And the people who work in the Ag Reserve also need a place to live that isn’t a lengthy commute away.
“If you’re a landscaper or a waitress or working at the Publix bagging groceries, you can’t live in Martin County and drive all the way to Delray Beach and bag groceries, it just doesn’t add up,” Mills said.
One way the county has addressed this is through the adoption of the Essential Housing land-use designation in 2022. This allows higher-density, multifamily residential development so people who work in and right around the Ag Reserve have places to live.
South Florida Equestrian Village alone employs more than 1,000 people.
Thus, the Ag Reserve is “extremely important” to the equestrian industry based solely off the jobs it generates, Mills said as he drove through the horse stables at Sunshine Meadows.

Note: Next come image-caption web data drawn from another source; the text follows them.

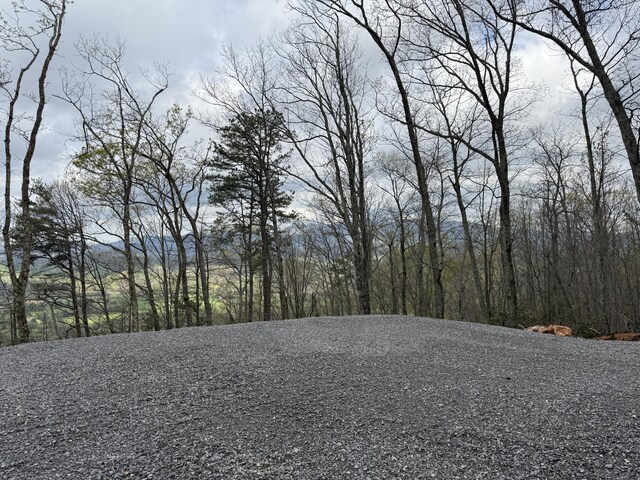 3.93ACRES Green Forest Rd, Cosby, TN 37722 - photo 13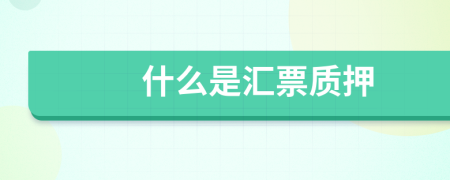 什么是汇票质押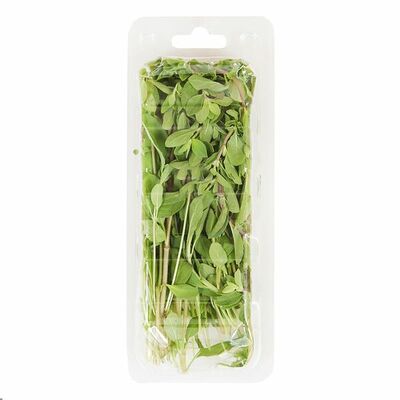 Майоран в Азбука Вкуса Экспресс Меню по цене 178 ₽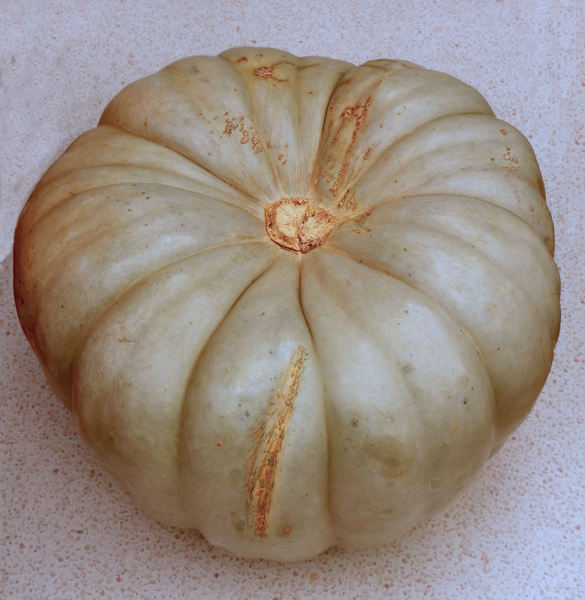 pumpkin varieties1 | Free stock photos - Rgbstock - Free stock images ...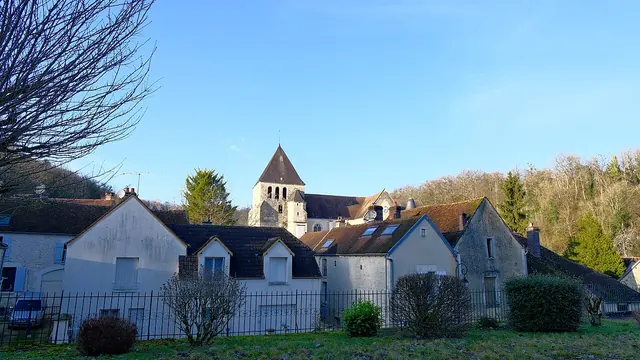 Photo de Molosmes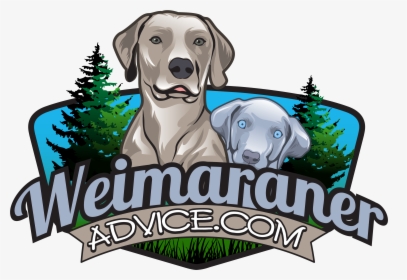 Answering Your Questions About Weims - Weimaraner, HD Png Download, Transparent PNG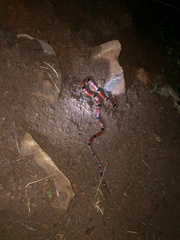 Micrurus nigrocinctus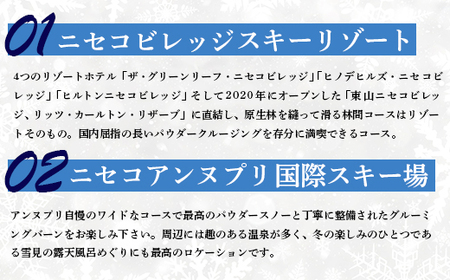 ニセコ全山共通リフト券（All Mt.Pass）1日券（5枚）ニセコアンヌプリ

The stables are somewhat reminiscent of a college dorm: rows of nearly identical units in horizontal buildings with communal areas for the horses to bathe.
Many South Florida Equestrian Village clients are from across the United States and Canada, and because horses demand a lot of attention and care, some owners will uproot their lives for as long as half the year and live at Sunshine Meadows in a tiny home or an RV.
“We have our own sewer plant, our own water treatment plant, and everything here on site, we’re pretty much our own self-contained little city,” Mills said.
Mills understands some folks in the Ag Reserve feel more opposed to certain developments than he does — “some people like what they’ve chosen today and they don’t want to see that change” — but he also thinks landowners should be able to do what they want with their property, “within reason.”
“It’s coming. I’m not going to lay down a pound of sand about it,” he said while watching his herd of cattle, including a bull named Samson, who weighs about a ton. “I’m just going to deal with it as it comes through and hope that it doesn’t cause too many delays in my day. And if it does, I’ll make sure to get up a little bit earlier.”
A horse and exercise rider take to the 1-mile track at Palm Beach Downs in Palm Beach County’s Agricultural Reserve in Delray Beach on Tuesday, Jan. 6, 2026. (Amy Beth Bennett / South Florida Sun Sentinel)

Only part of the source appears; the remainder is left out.